Mercury distribution in a major Greenland glacial fjord

We investigated the Hg distribution in a large Greenland glacial fjord characterized by multiple marine terminating glaciers grounded hundreds of meters below sea level. While earlier studies measured Hg concentrations in melt streams and in the surface waters of glacial fjords, to our knowledge this is the first study to quantify full-water column Hg distribution and apply existing knowledge of the fjord circulation to determine its impact on Hg cycling.

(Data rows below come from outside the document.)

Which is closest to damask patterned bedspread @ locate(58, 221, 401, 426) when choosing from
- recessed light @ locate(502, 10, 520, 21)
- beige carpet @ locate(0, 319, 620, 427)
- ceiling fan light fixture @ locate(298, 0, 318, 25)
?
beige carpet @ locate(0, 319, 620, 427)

Mercury in the East Greenland Current

Our findings suggest that Atlantic Waters (AW) of subtropical origin are the primary source of Hg to Sermilik Fjord. Near Cape Farewell to the southeast (60°N), both Hg(II) and MeHg concentrations in AW (0.62 ± 0.07 pM and 0.08 ± 0.01 pM, respectively53) agreed within uncertainty with the values we measured in Sermilik Fjord (66°N; Table 1), consistent with our understanding that the AW entering Sermilik primarily recirculates south of the Denmark Strait via the Irminger Current39. In contrast, a substantial proportion of AW northeast of Greenland circulates through the Arctic Ocean, where the upper water column is enriched in Hg14. Total Hg concentrations in AW on the northeast Greenland shelf (79°N) were as high as 4.29 pM, averaging 1.58 ± 0.53 pM over the water column43. The agreement between Hg concentrations at Sermilik Fjord and Cape Farewell, in contrast to the northeast, supports the hypothesis that Hg exported from the Arctic to the North Atlantic Ocean is lost through mixing, scavenging, and evasion as AW flows southward in the East Greenland Current, particularly in the Denmark Strait43.

Mercury in glacial meltwaters

We found no evidence that glacial meltwaters or associated sediments constitute a significant source of Hg species to Sermilik Fjord. Our measurements of Hg(II) and MeHg concentrations in the fjord showed no enrichment beyond ambient ocean levels (Table 1 and Fig. 2a, b), and subsurface glacially-modified waters were in fact depleted in Hg(II) (Fig. 5).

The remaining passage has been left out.